___ Available data ___

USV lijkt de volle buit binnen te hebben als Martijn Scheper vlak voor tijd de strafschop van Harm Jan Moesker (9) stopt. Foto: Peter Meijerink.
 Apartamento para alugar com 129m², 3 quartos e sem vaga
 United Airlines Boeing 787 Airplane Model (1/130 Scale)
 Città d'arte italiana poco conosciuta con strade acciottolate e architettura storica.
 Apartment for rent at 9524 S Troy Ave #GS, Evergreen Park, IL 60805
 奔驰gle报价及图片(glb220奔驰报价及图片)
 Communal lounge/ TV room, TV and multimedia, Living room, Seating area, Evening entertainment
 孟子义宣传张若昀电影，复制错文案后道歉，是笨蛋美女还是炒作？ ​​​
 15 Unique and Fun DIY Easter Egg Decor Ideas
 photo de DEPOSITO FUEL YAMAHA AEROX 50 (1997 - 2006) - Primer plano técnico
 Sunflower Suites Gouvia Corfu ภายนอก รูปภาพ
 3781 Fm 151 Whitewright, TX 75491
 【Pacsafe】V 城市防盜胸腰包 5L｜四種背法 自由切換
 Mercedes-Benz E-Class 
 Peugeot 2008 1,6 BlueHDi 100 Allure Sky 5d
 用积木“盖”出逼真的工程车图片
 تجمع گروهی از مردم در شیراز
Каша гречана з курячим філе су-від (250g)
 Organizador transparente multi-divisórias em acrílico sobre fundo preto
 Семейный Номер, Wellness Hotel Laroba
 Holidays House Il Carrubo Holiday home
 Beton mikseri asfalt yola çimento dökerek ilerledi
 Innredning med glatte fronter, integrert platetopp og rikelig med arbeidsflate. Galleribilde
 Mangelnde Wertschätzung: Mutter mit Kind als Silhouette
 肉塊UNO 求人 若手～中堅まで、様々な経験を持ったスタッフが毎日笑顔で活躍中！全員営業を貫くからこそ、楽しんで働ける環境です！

___

__Task__. For the lines above, output exactly those from the line containing "Apartment for rent" through the line containing "photo de DEPOSITO", and skip the others.

__Output of the exercise__.
 Apartment for rent at 9524 S Troy Ave #GS, Evergreen Park, IL 60805
 奔驰gle报价及图片(glb220奔驰报价及图片)
 Communal lounge/ TV room, TV and multimedia, Living room, Seating area, Evening entertainment
 孟子义宣传张若昀电影，复制错文案后道歉，是笨蛋美女还是炒作？ ​​​
 15 Unique and Fun DIY Easter Egg Decor Ideas
 photo de DEPOSITO FUEL YAMAHA AEROX 50 (1997 - 2006) - Primer plano técnico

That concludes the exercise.